Question: Do you have a issue with communicating with other people in real life?

The irony of questioning someone's communication skills immediately after this exchange is hard to miss.
IME, unquantised -> FP8 is pretty much lossless. What matters more is having an unquantized KV cache - using an FP8 KV cache can result in a significant drop in quality.
>unquantised -> FP8 is pretty much lossless

Claude Shannon is rolling in his grave.

I don't know, sounds quite similar to his rate distortion theorem (analyzing minimum number of bits/symbol you need to stay under some fixed amount of distortion). I.e. lossy compression with a maximum amount of loss. I.e. "pretty much lossless" compression.

https://en.wikipedia.org/wiki/Rate%E2%80%93distortion_theory

"Pretty much" doing a lot of work. But it's kinda analogous to 99% JPEG compression: yes you can detect loss, but you get meaningful compression ratios out of it and the subjective appearance is nigh-on perfect.

Shannon would be pointing out that if you can throw away half the model without apparent degradation, we're nowhere near packing in all the information we could in training. There must be a better arrangement than we've currently got.
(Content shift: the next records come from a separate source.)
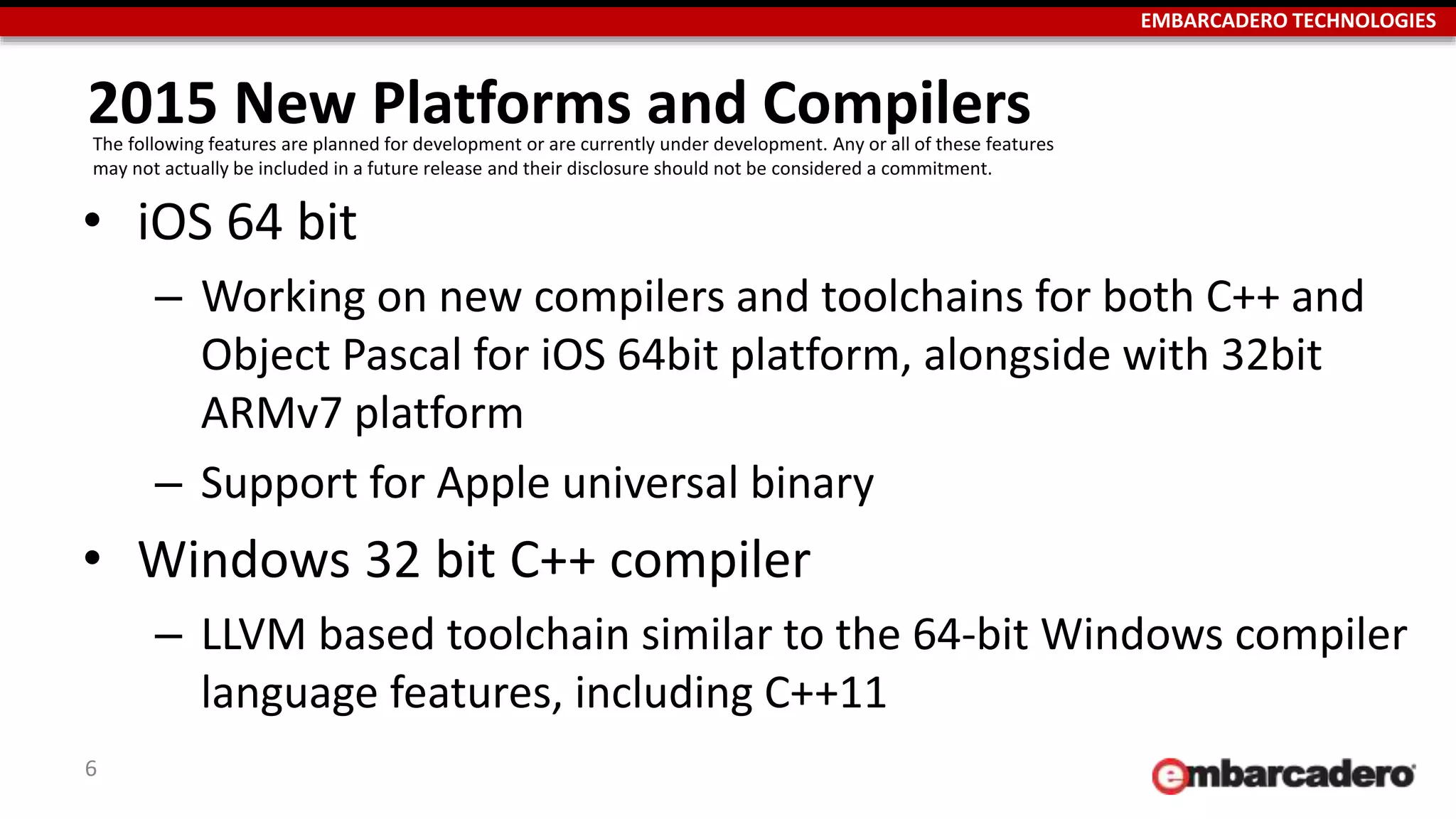 EMBARCADERO TECHNOLOGIES
2015 New Platforms and Compilers
6
• iOS 64 bit
– Working on new compilers and toolchains for both C++ and
Object Pascal for iOS 64bit platform, alongside with 32bit
ARMv7 platform
– Support for Apple universal binary
• Windows 32 bit C++ compiler
– LLVM based toolchain similar to the 64-bit Windows compiler
language features, including C++11
The following features are planned for development or are currently under development. Any or all of these features
may not actually be included in a future release and their disclosure should not be considered a commitment.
Do infra providers reveal that level of implementation detail?
I've seen a few articles from providers talking about KV cache quantisation, but it's not something they explicitly point out like they do with weights.

So you could end up paying more for unquantised weights, only to get silently hit with a quantised KV cache...

The official API is FP8, which should imply that it's lossless.